Ainda existe o risco da opção nuclear

A tragédia começa muito antes de Fukushima, e compromete gerações futuras

Quando comecei a dirigir nas estradas brasileiras, alguém me explicou uma “vantajosa teoria” para ultrapassagens perigosas em lombadas durante a noite. O expediente consistia em apagar as luzes do carro, o que “facilitaria” a percepção das luzes de outro que viesse em direção contrária – as chances de um carro vir em direção contrária com as luzes apagadas eram quase nulas. O que escapava à visão dessa “brilhante teoria” (ou apagada?) era o fato de que, se viesse realmente um carro com as luzes apagadas em sentido contrário, as chances de não ocorrer uma grande catástrofe eram nulas. A metáfora pode ser pobre. Mas encaixa na tragédia das usinas nucleares. A do Japão não se limita ao acidente. Como toda tragédia, começa muito antes, em gerações anteriores. E compromete o futuro das próximas.

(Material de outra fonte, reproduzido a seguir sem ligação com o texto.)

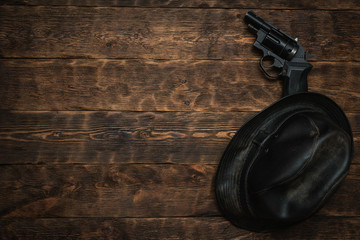 Wall Mural - black leather hat and gun on a wooden table of detective agent flat lay background with copy space.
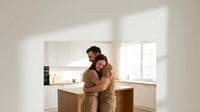 Young couple embracing in modern kitchen with natural sunlight streaming through windows creating warm atmosphere in contemporary home interior.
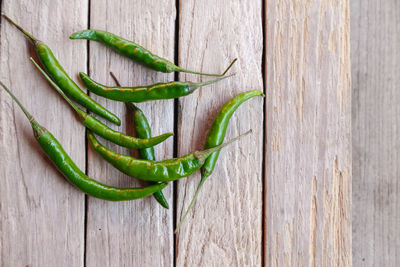 Close-up of green chili peppers on table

Se as usinas em construção ou planejadas forem de fato concluídas, sua produção cobrirá mais de 30% da energia elétrica consumida no mundo. Só na França, cerca de 80% vem dessa fonte. Apenas Alemanha, Itália e Reino Unido congelaram a construção de novas unidades – embora o atual governo alemão tenha alongado a vida das unidades existentes por até 14 anos.

No papel e no discurso, as usinas deveriam resistir a tudo: de terremotos a ataques aéreos­; de falhas humanas a deficiências técnicas. Na prática, a música é outra, e a Marcha Triunfal já se transformou em Marcha Fúnebre algumas vezes. Chernobyl, na Ucrânia (então parte da União Soviética), ainda na década de 1980, resultou em mais de 25 mil mortes, além de inutilizar uma enorme área terrestre para a vida humana por gerações. Provocada por uma série de deficiên­cias técnicas aliadas a falhas humanas, a catástrofe­ contou com gestos extraordinários de heroísmo por parte de técnicos, bombeiros e outros que, com o sacrifício da própria vida, impediram desastre ainda maior.

Mas a lição não se enraizou. A proliferação de usinas nucleares no mundo inteiro prosseguiu, como se nada houvesse acontecido. Agora, o desastre de Fukushima, no Japão, pode ter o mesmo destino, o desse “relativo esquecimento” que o colocará num limbo aureolado pelo descaso. Explicar essa desrazão apenas pelo lobby de empresas e agências de governo encarregadas da construção e administração das usinas – que existe, e é poderosíssimo com a mídia e fora dela – é insuficiente.

As usinas nucleares fazem parte do sonho e do pesadelo do estilo contemporâneo de consumo. E, como nos sonhos e pesadelos, nossa tendência é lembrar os primeiros e esquecer os segundos. Assim como no caso do aquecimento global, a questão nuclear demonstra que não basta mudar os padrões de produção da economia. É necessário intervir nos padrões de consumo, em escala mundial, com educação e debate democrático. Não adianta querer impedir que o Brasil construa novas usinas nucleares se o cidadão da França continuar a consumir perto de 80% de sua energia elétrica a partir dessa fonte. Nem reprovar que os chineses comprem automóveis enquanto os norte-americanos continuam­ a ter mais de 70 veículos para cada 100 habitantes.

Já li manchete de artigo dizendo que “a energia nuclear vale o risco”, é “limpa”, tem taxa de acidentes baixa etc. Mas não se discutem a dimensão dos desastres nem a obliteração da memória. Este talvez seja o maior risco e a maior tragédia, hoje, dessa forma de energia: a introdução de sua presença no mundo dos esquecimentos programáticos. No caso de Chernobyl, houve uma tendência a ligar o desastre às sombras da “ineficiência” e do “autoritarismo” do “regime comunista”. A que atribuir agora a catástrofe japonesa? À “eficiên­cia” do regime capitalista? Talvez.

É necessário ampliar, aprofundar, insistir nessa discussão. Senão, continuaremos na “alegre” disposição de fazer ultrapassagens perigosas em lombadas noturnas. Com as luzes apagadas.